Inspiring young children across Tendring to consider careers in local services

An event aimed at inspiring primary school aged children to think about a career in local public and private sector organisations has taken place in Clacton.

Over 200 primary school children from nine schools across Clacton, Harwich and Elmstead Market visited the STEAM (Science, Technology, Engineering, Arts and Maths) Careers Fair at the Town Hall.

Evidence shows that children start to form ideas about their future as they start primary school – 1145_What works Primary_digital version_07_01_2019.pdf (

Local leaders say it is crucial that the system helps to inspire them to do so.

The event was organised by the NHS Suffolk and North East Essex Integrated Care Board (ICB), Essex County Council and Tendring District Council.
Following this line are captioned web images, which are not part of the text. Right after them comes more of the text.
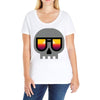 sunset skull Ladies Curvy T-Shirt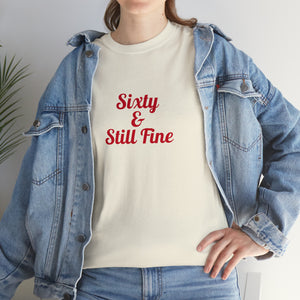 Sixty Unisex Heavy Cotton Tee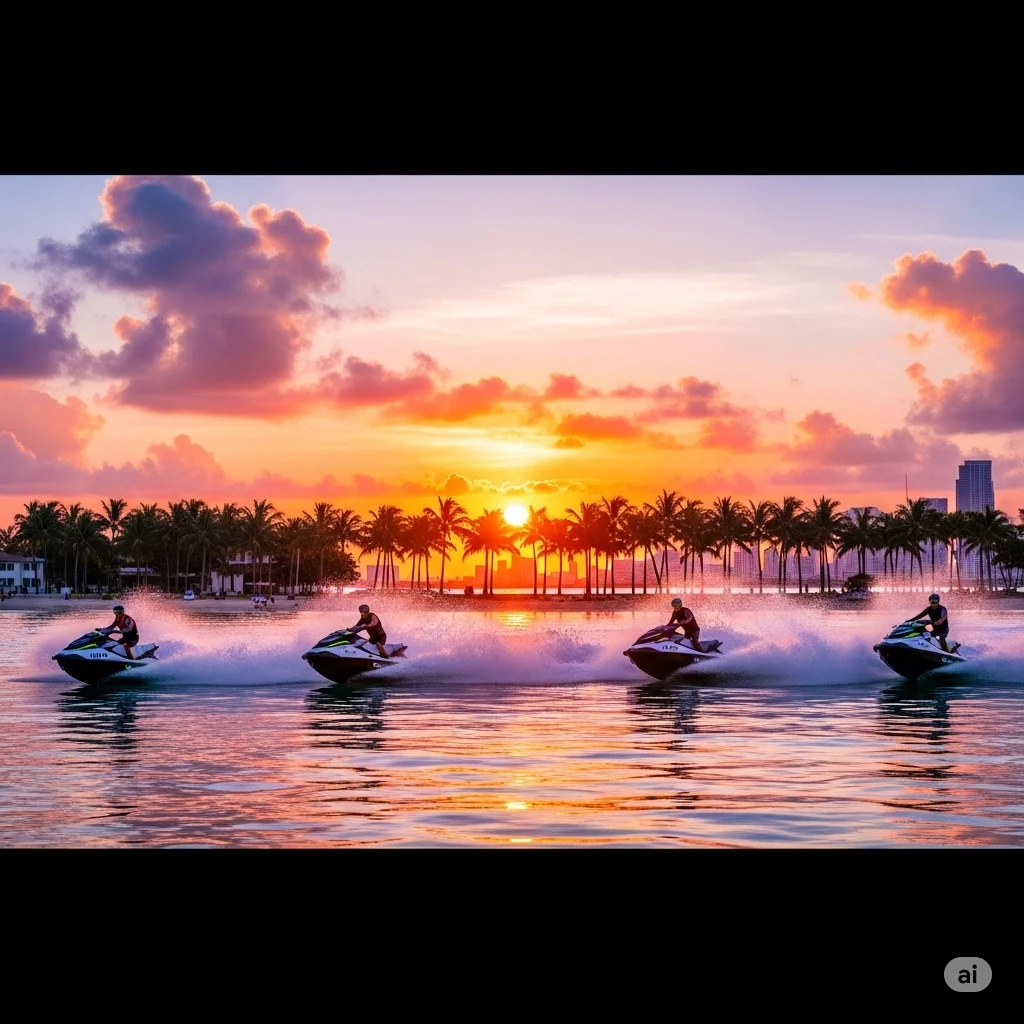 Full-day jet ski rental - ultimate Miami water sports experience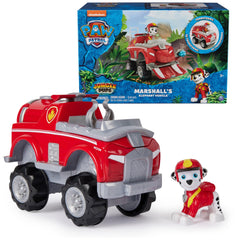 Paw Patrol Marshall Elephant Vehicle ready for jungle rescue play with bright colors.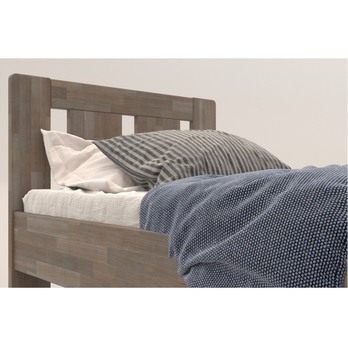 Postel GERDA I buk/šedá, 90x200 cm 4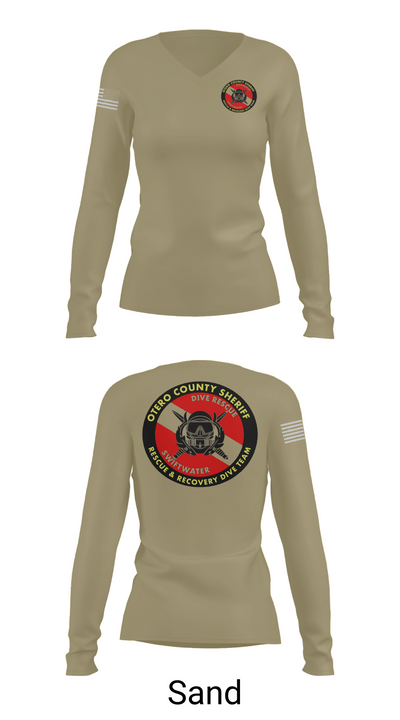 Otero County Sheriff 37164505 Women's Long Sleeve V-neck Shirt - 91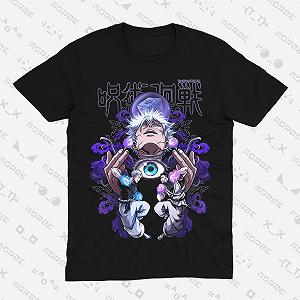 Футболка Аниме Магическая битва Годжо Сатору Satoru Gojo Jujutsu Kaisen TH133 M - Фото 1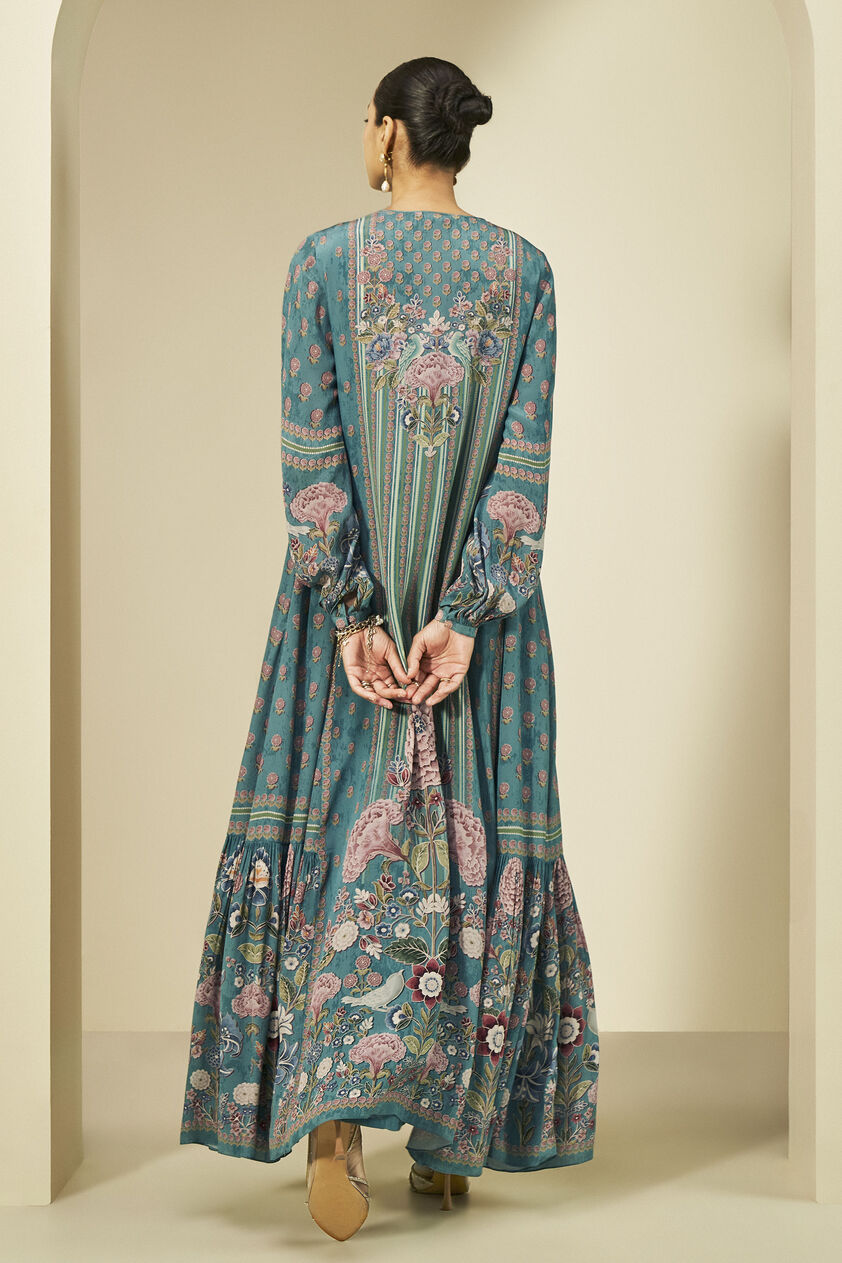 Navajo Kaftan - Teal, Teal, image 3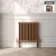 Athens Antique Copper Double Column Horizontal Traditional Radiator 600x605mm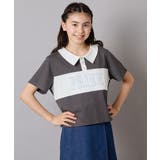 【接触冷感/ジメジメ対策】[130-160]えり付き切替ロゴTシャツ | a.v.v【KIDS】 | 詳細画像12 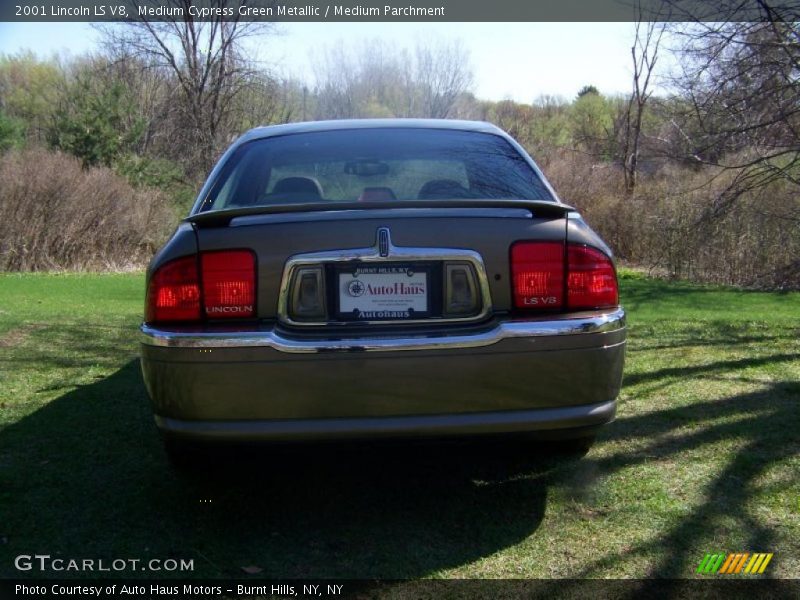 Medium Cypress Green Metallic / Medium Parchment 2001 Lincoln LS V8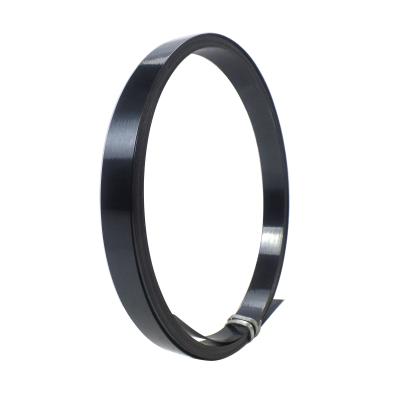 China Machine Packing Hot Sale Factory Price Customized 0.36mm*1 6mm High Tensile Bluing Steel Strapping Band Roll for sale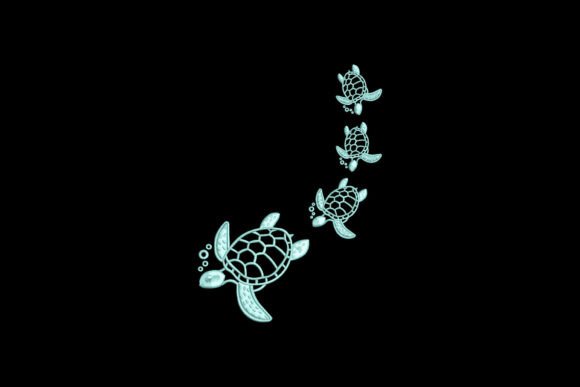 Sea Turtle Family: A Designer's Review for Personalized Gifts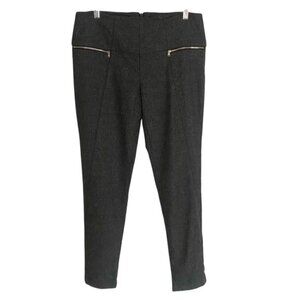 Les Chiffoniers Grey Broseye Wool Double Zip Pants Size 31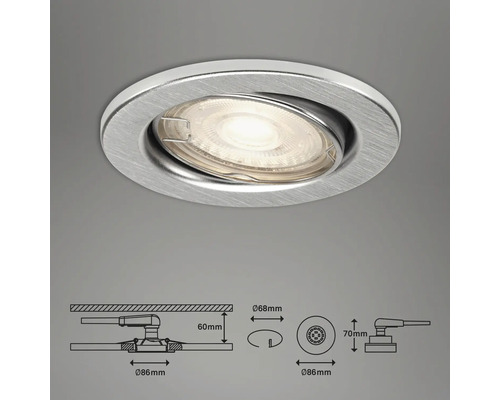 Einbaustrahler mit Maßangaben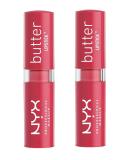 Buy Pack of 2 NYX Butter Lipstick - Fruit Punch BLS02 | Shop Internationally for Best Price - Buy Online on GoSupps.com
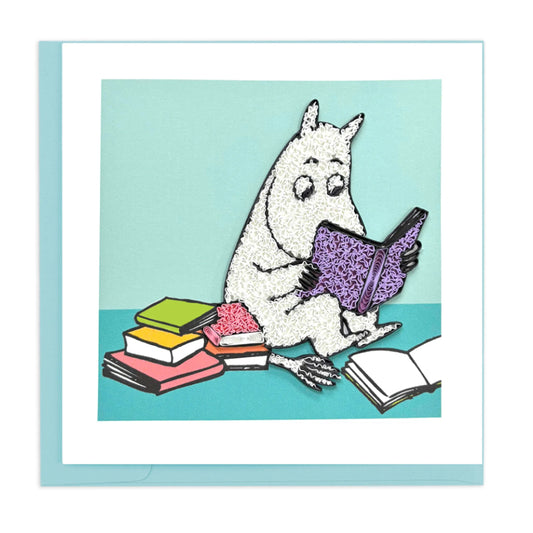 Moomin Quilling Card - Reading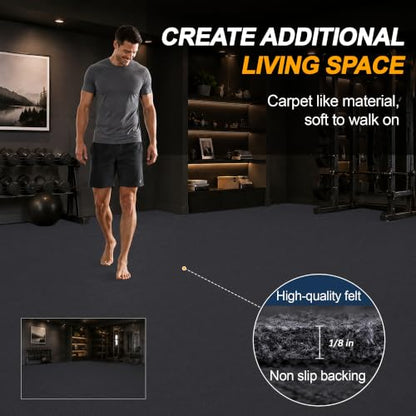 Garage Floor Protector Mat, 6' x 8', Dark Gray - size: 6' x 8'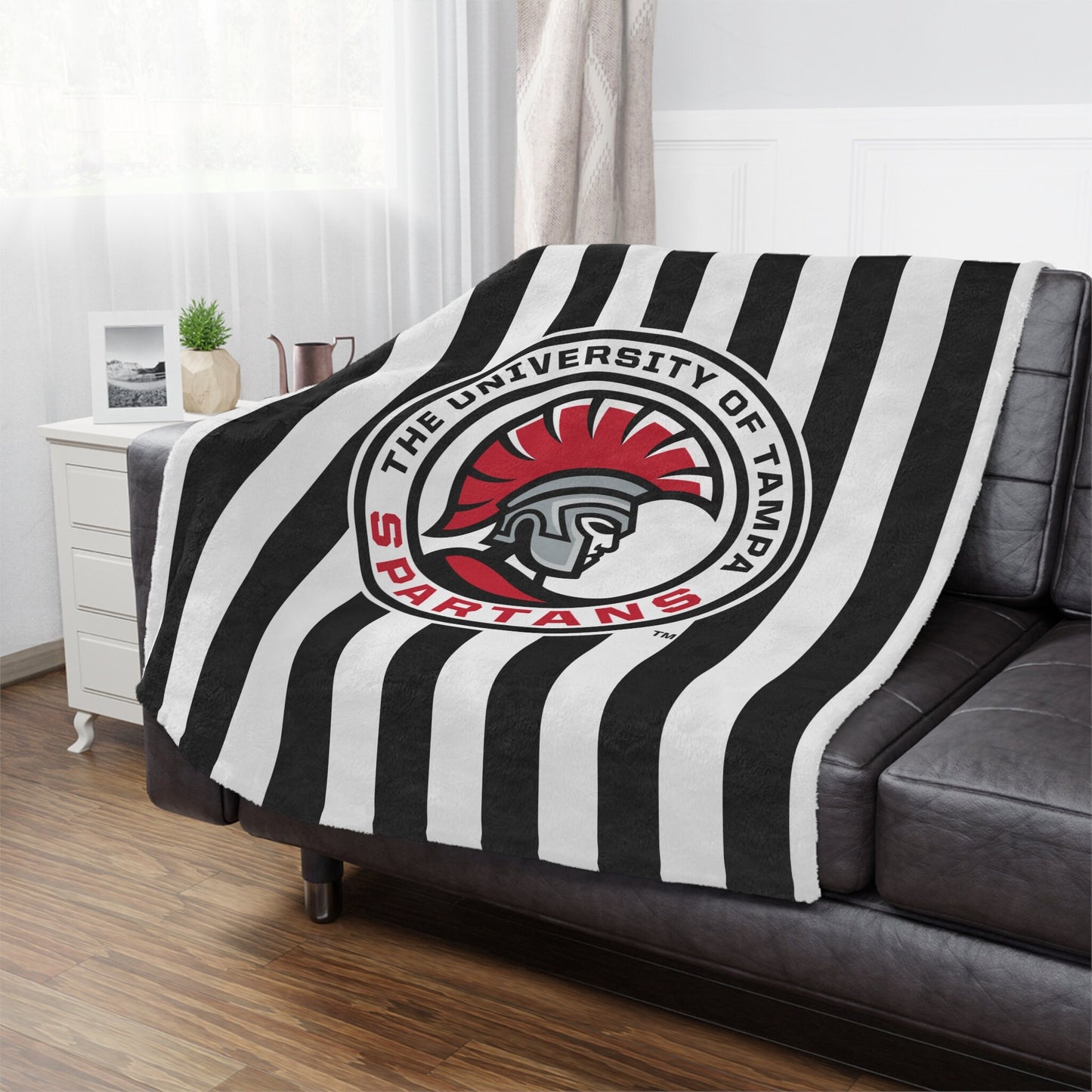 University of Tampa Stripe Blanket - Ivy Society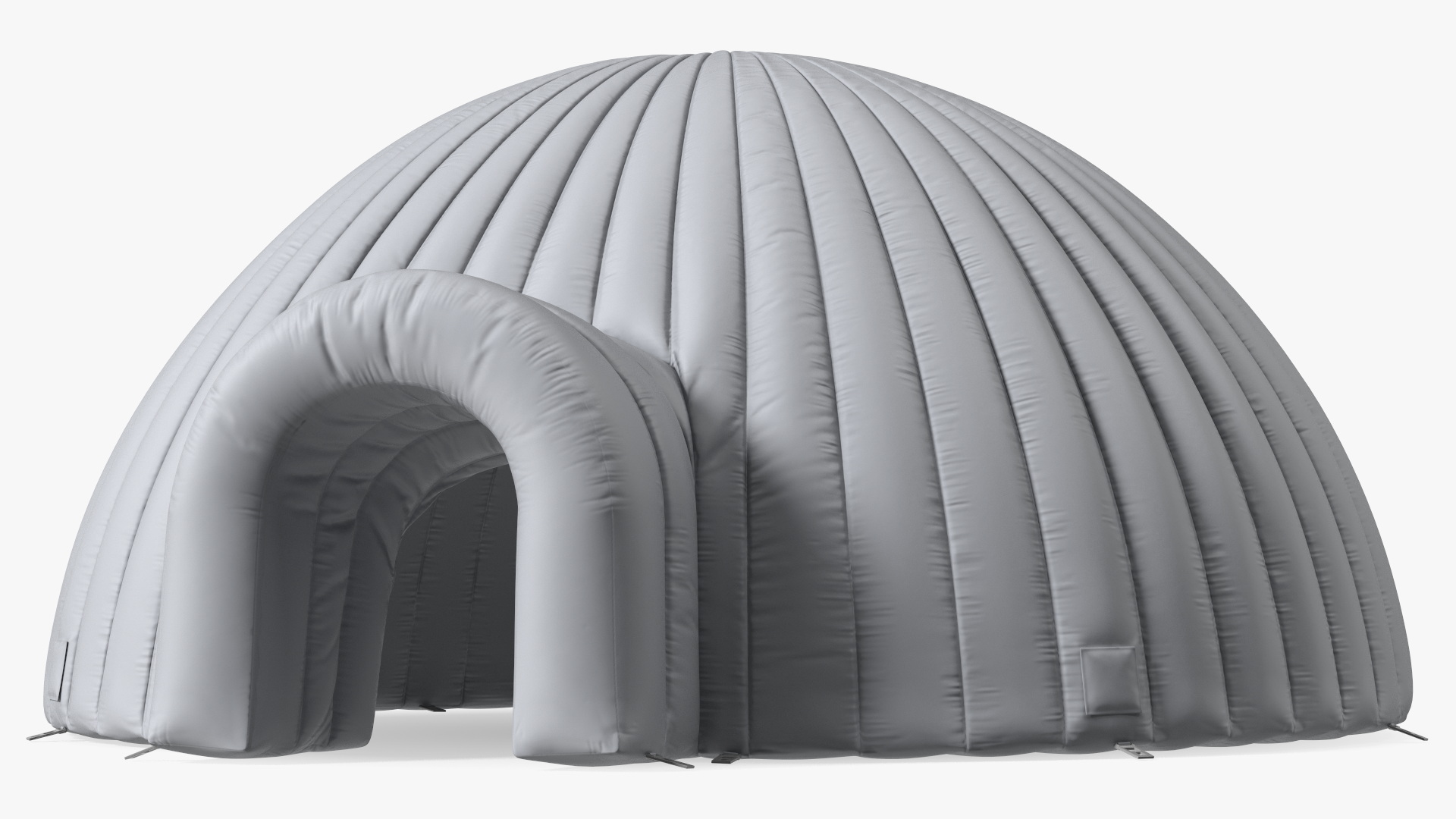 3D Inflatable Igloo Tent Open Grey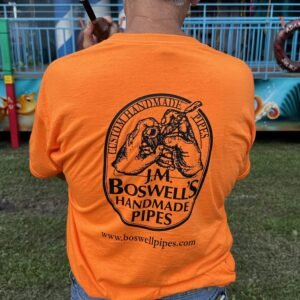 Boswell’s Pipes and Cigars Custom Logo T-Shirt Orange
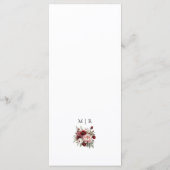 バモダンル素朴グンディ赤面結婚フローラのメニュー メニュー (裏面)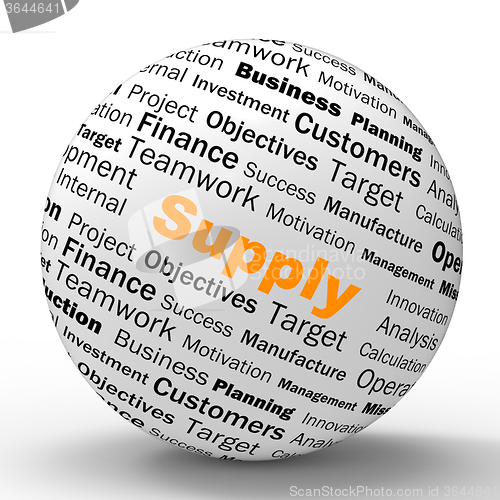 Image of Supply Sphere Definition Shows Goods Provision Or Product Demand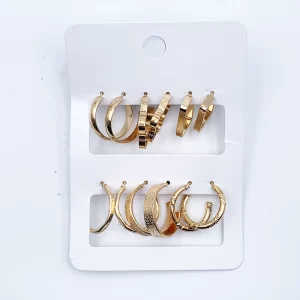 Arira Unique and dazzling 6 piece earrings combo set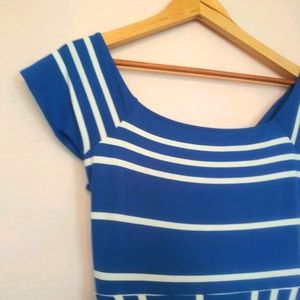 Loft Crossover back flare dress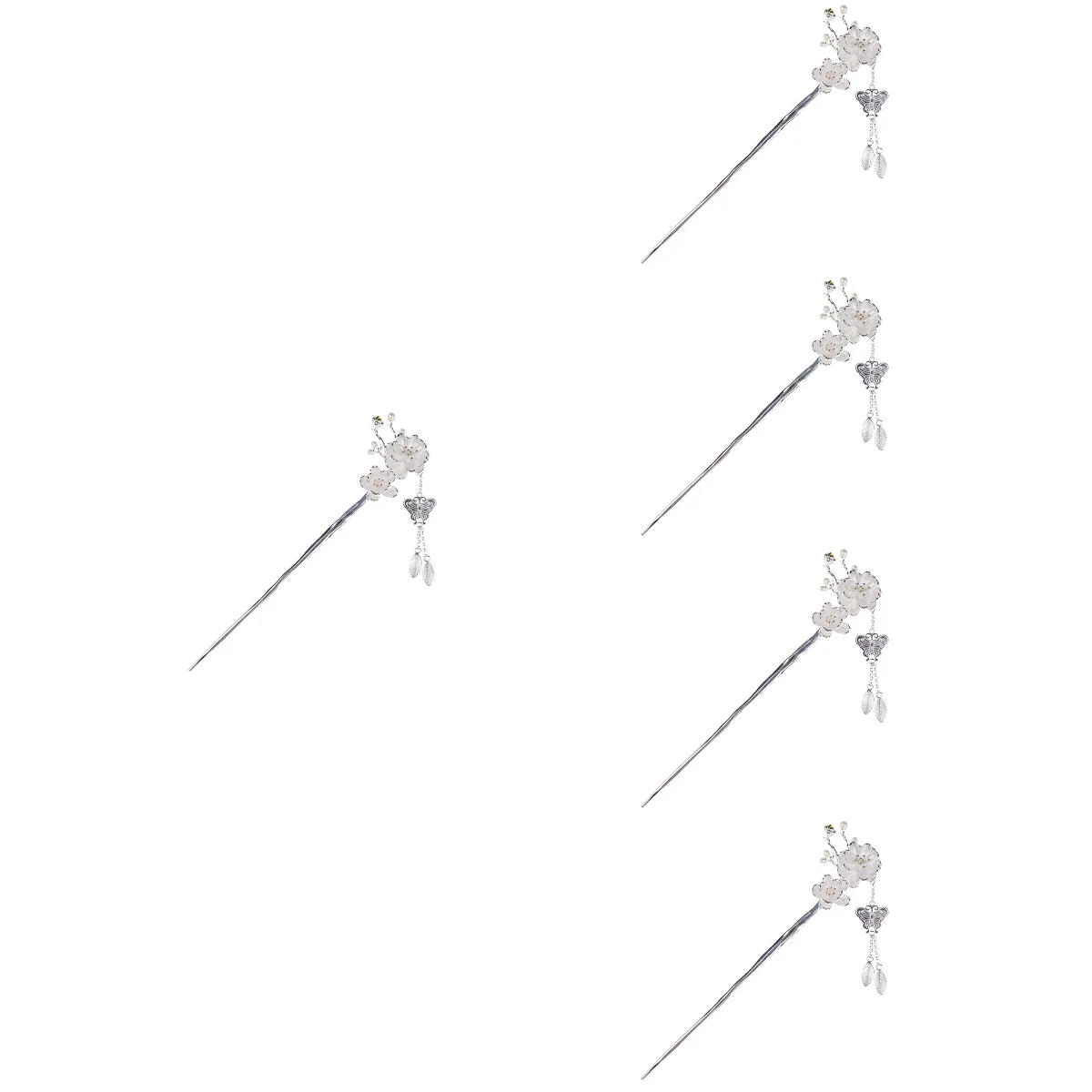 

5pcs Hair Stick Flower Hair Chopstick Plum Hair Fork Tassel Hair Accessory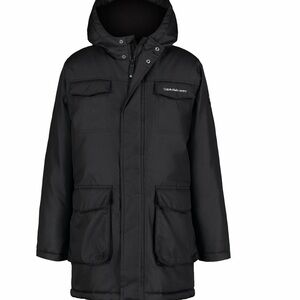 Calvin Klein Boy Jet Black Hooded Jacket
In addition to the organisers, East Suffolk and North Essex NHS Foundation Trust, East of England Ambulance Service, Essex Partnership University NHS Foundation Trust, the Port of Felixstowe, Essex Police and Colchester Zoo were among the organisations represented during the day-long event.

Director of Workforce and People at the ICB, Amanda Lyes, said: “Events like this are invaluable because we are nurturing young people, encouraging them to consider a career in our local services.

“We want tomorrow’s workforce to comprise young people who live within their community to be equipped with the necessary skills and aspirations to succeed.

“This approach supports the national levelling up agenda and bridges a gap between education and local employers while seeking to reduce differences in health inequality.”

Kerrey Goosetree, Tendring Place Co-ordinator at the NHS Suffolk and North East Essex ICB, was one of the organisers.  She said: “We have tried to focus on sectors that have science, technology, engineering, arts and maths as a core skill base.

“So a mix of different various roles which are often challenging to recruit into.”

Kerrey added: “This was the first time we have held an event like this in Tendring in partnership with our council colleagues.  We wanted it to be as interactive as possible.

“It was not just an opportunity for children to interact with exhibitors.  Schools were able to mix as well.

“We are grateful to Essex County Council’s Future Skills Programme which provided funding to all of the schools to cover their transport costs so they could get the children to this event.”

Paramedic Karen Bradford, who has worked for the East of England Ambulance Service for the past 18 years, said: “These events are incredibly important. 

“They are multi-faceted because although children here today are younger – year 6 and above – what’s really important is that we sow that seed early about what we do and the different types of roles and work we do.

“Children at this age – as you would expect – do not know what jobs exist so how can they think about their future if they don’t know what jobs are out there.”